• [Task to complete]:
Could the records be returned exactly, with the pictures left out?

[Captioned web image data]
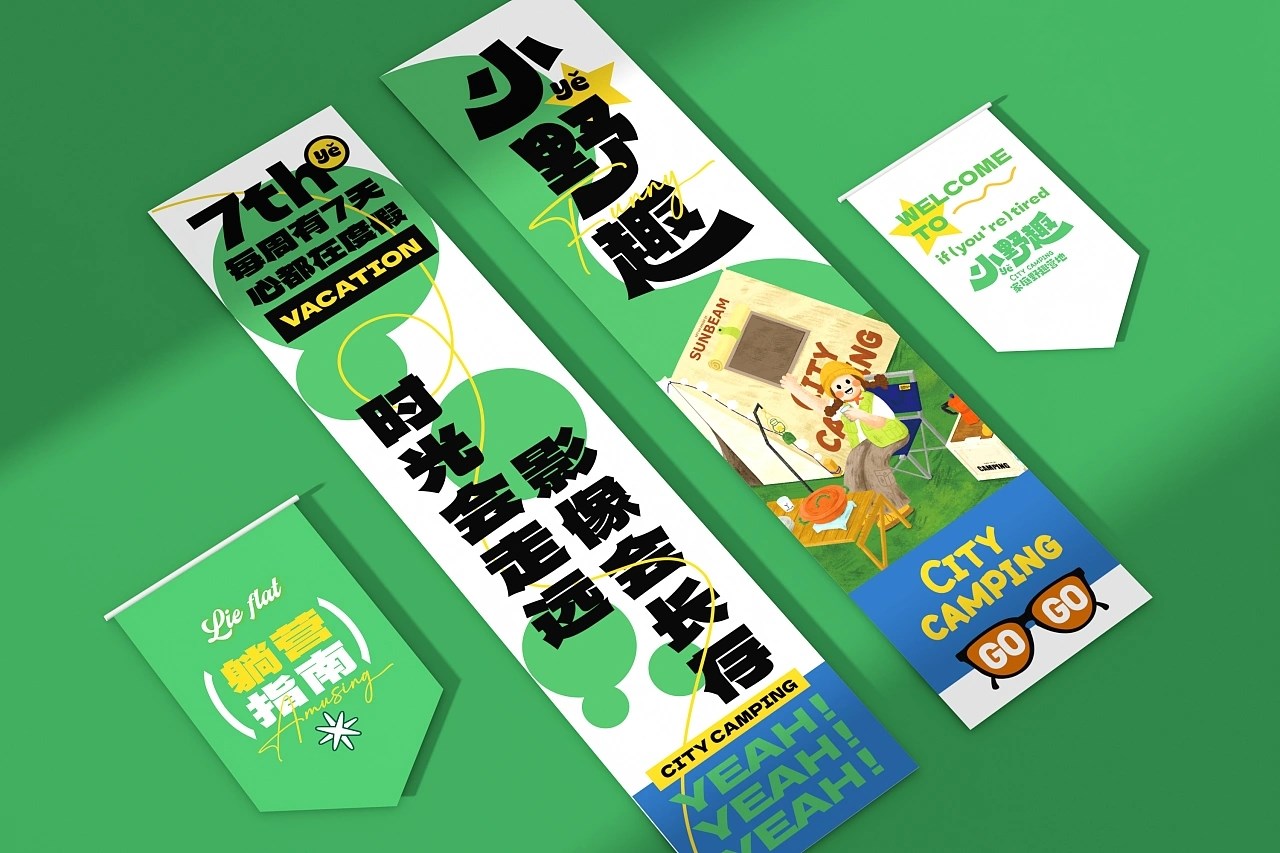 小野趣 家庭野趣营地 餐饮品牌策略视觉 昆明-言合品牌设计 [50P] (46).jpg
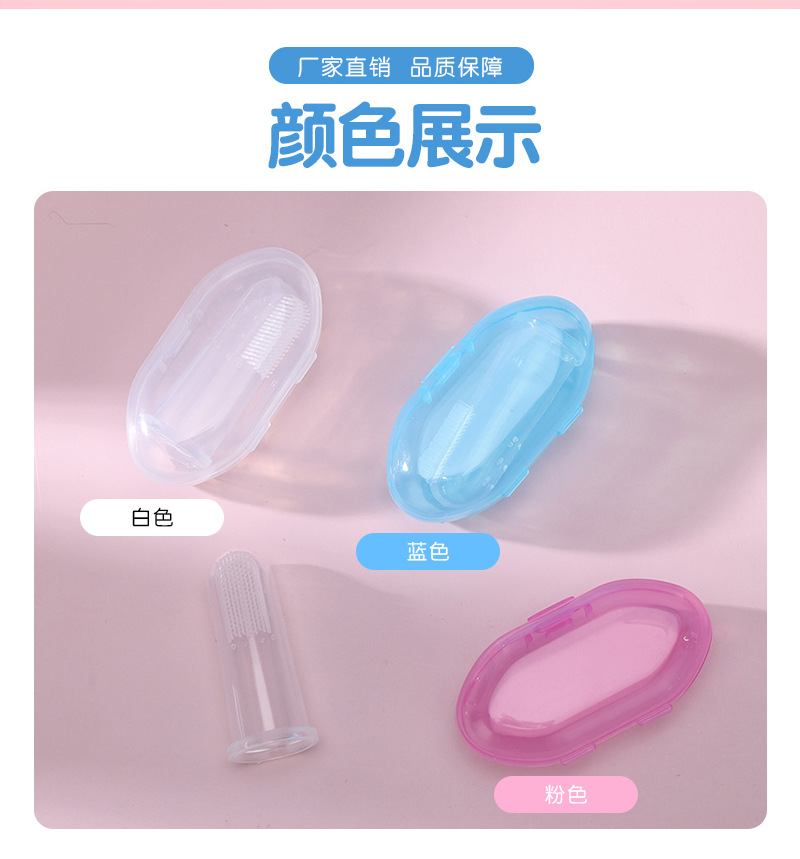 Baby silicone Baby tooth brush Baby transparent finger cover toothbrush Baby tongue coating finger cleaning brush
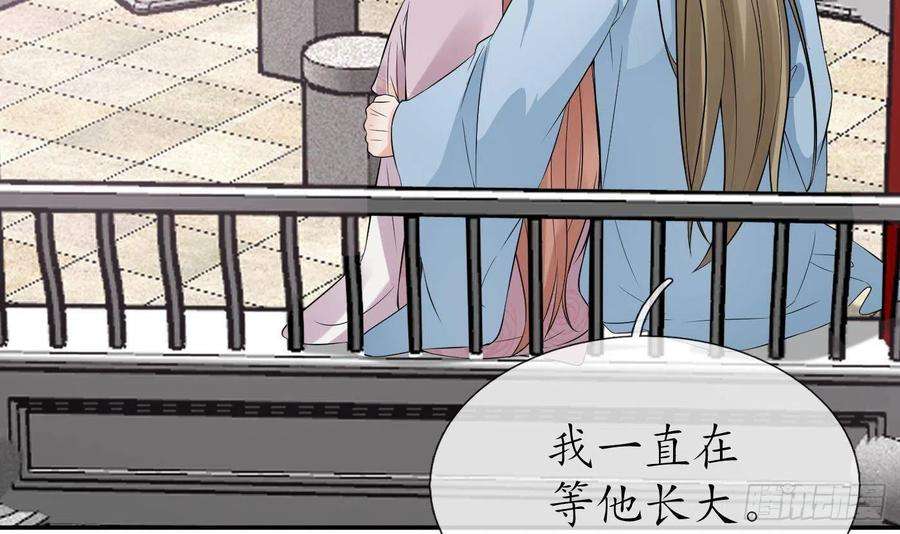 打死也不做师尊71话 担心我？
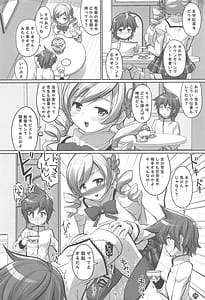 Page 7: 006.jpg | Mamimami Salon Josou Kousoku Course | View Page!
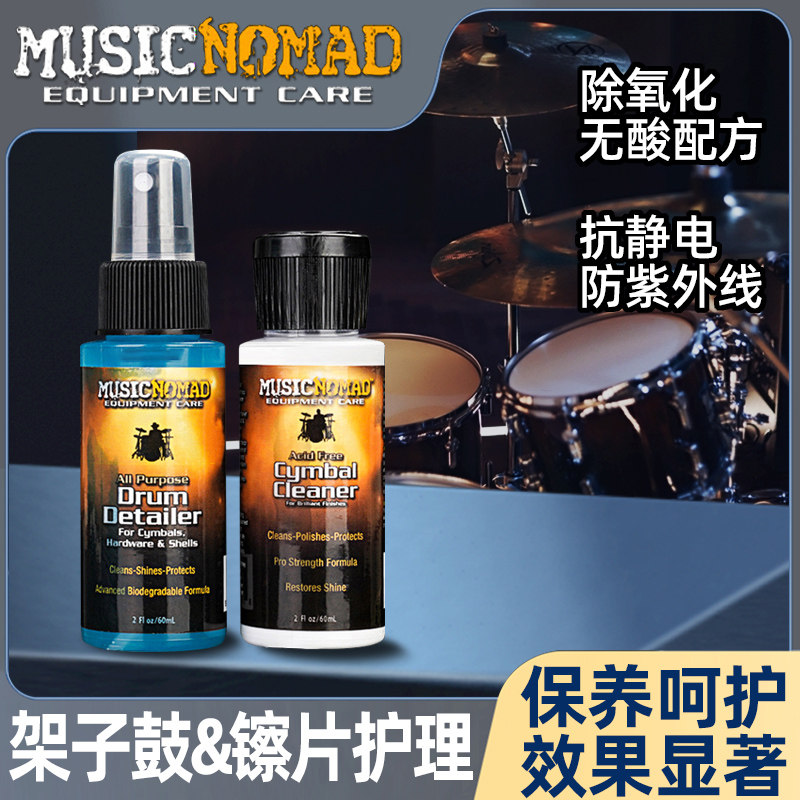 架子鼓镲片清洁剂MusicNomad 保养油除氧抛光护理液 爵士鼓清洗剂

• [Answer space]:
 小野趣 家庭野趣营地 餐饮品牌策略视觉 昆明-言合品牌设计 [50P] (46).jpg
 Baby silicone Baby tooth brush Baby transparent finger cover toothbrush Baby tongue coating finger cleaning brush
 打死也不做师尊71话 担心我？
 Page 7: 006.jpg | Mamimami Salon Josou Kousoku Course | View Page!
 架子鼓镲片清洁剂MusicNomad 保养油除氧抛光护理液 爵士鼓清洗剂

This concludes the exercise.